A breakthrough in the control of a type of particle known as the polariton has created a highly specialised form of rotation.

Researchers at the Universities of Strathclyde and Pittsburgh, and Princeton University, conducted a test in which they were able to arrange the particles into a 'ring geometry' form in a solid-state environment. The result was a half-vortex in a 'quantised rotation' form.

This experiment had previously been possible only with the use of ultra-cold atoms, a fraction of a degree above absolute zero, but new techniques enabled the researchers to perform the test at higher temperatures.
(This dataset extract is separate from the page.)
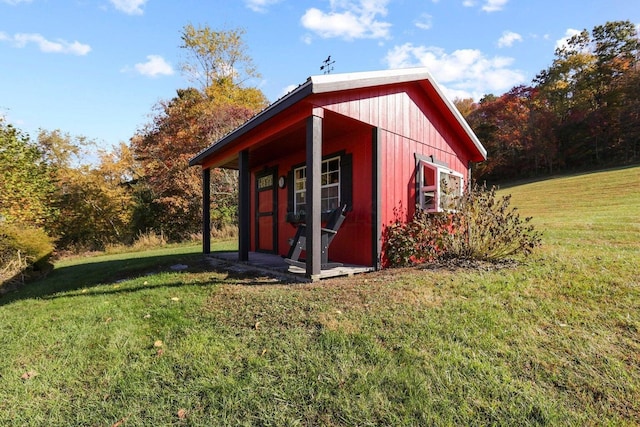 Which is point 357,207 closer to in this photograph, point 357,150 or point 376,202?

This made for a simpler, more efficient system which could feed into research for new technologies.

Professor Andrew Daley, of Strathclyde's Department of Physics, was part of the research team and worked on the underlying model of the experiment, which was performed in Pittsburgh.

He said: "This type of controlled experiment is fundamental science but also has applications in quantum technology; much of our research revolves around controlling and understanding these quantum systems. This type of research led in the past to the understanding of building a transistor or a laser.

"Fringes were seen across the entire image of the ring we created, showing that we were controlling the polaritons in a coherent way and that they were displaying collective behaviour, as opposed to behaving as individuals. We were then able to demonstrate unusual states where the particles rotated in the ring at rates that were quantised. The phenomena we observed, known as half-vortices, are peculiar to situations where two different kinds of particles rotate in a superfluid - that is, the particles also must flow with no resistance.

"In this experiment, the polaritons had a much longer lifetime than in previous experiments, which made this collective behaviour possible. The ring made in our work can be created relatively easily in solid-state systems that can operate up to room temperature; this opens the door to all kinds of other superfluid light effects, which could have applications in optical communications."